▸ **Records provided**
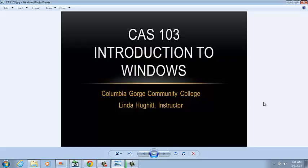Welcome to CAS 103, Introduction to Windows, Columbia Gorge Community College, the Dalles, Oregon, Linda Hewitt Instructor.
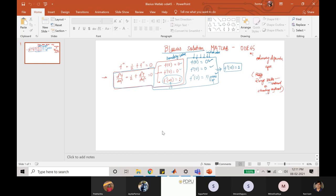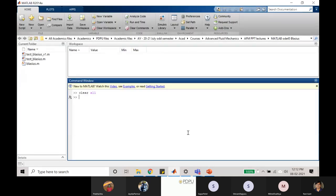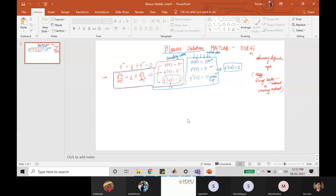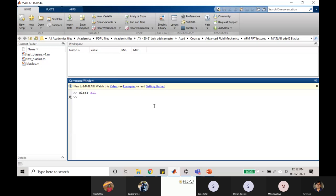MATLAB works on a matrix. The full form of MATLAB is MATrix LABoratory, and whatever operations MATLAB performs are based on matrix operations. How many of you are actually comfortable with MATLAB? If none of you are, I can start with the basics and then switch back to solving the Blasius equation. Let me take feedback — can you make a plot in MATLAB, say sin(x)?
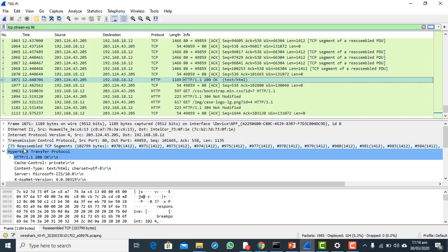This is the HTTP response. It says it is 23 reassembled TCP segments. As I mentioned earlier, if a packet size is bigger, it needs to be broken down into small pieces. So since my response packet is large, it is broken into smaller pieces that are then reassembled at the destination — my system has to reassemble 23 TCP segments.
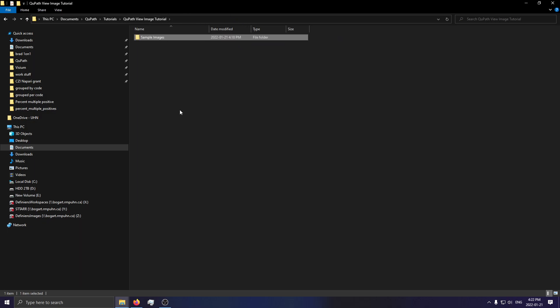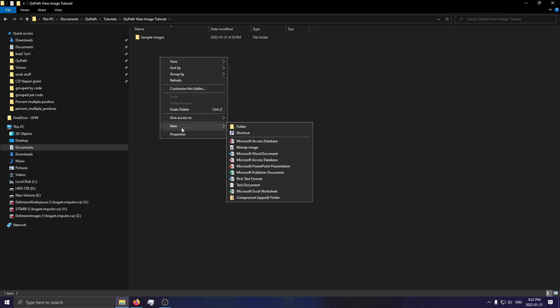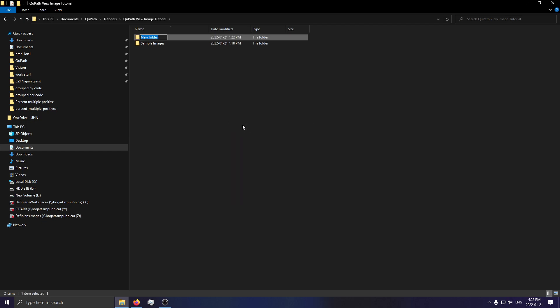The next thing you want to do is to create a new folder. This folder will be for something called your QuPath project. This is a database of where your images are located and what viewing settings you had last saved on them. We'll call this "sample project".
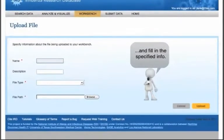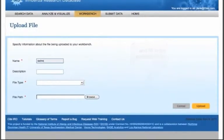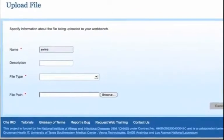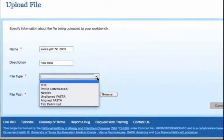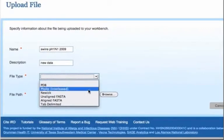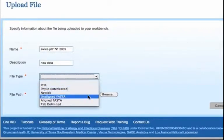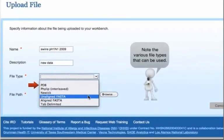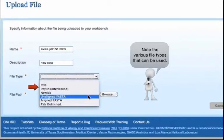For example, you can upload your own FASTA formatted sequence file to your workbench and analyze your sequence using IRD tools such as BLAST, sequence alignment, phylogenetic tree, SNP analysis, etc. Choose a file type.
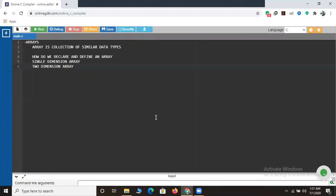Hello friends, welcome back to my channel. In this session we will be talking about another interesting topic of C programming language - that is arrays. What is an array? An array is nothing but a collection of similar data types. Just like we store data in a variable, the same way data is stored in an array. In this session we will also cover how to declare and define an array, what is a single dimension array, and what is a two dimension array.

▸ **Exercise goal**
The copy should hold, exactly, the lines from the one containing "The next thing" to the final line of the listing above, with both ends present and no pictures.

▸ **Answer below**
The next thing you want to do is to create a new folder. This folder will be for something called your QuPath project. This is a database of where your images are located and what viewing settings you had last saved on them. We'll call this "sample project".
For example, you can upload your own FASTA formatted sequence file to your workbench and analyze your sequence using IRD tools such as BLAST, sequence alignment, phylogenetic tree, SNP analysis, etc. Choose a file type.
Hello friends, welcome back to my channel. In this session we will be talking about another interesting topic of C programming language - that is arrays. What is an array? An array is nothing but a collection of similar data types. Just like we store data in a variable, the same way data is stored in an array. In this session we will also cover how to declare and define an array, what is a single dimension array, and what is a two dimension array.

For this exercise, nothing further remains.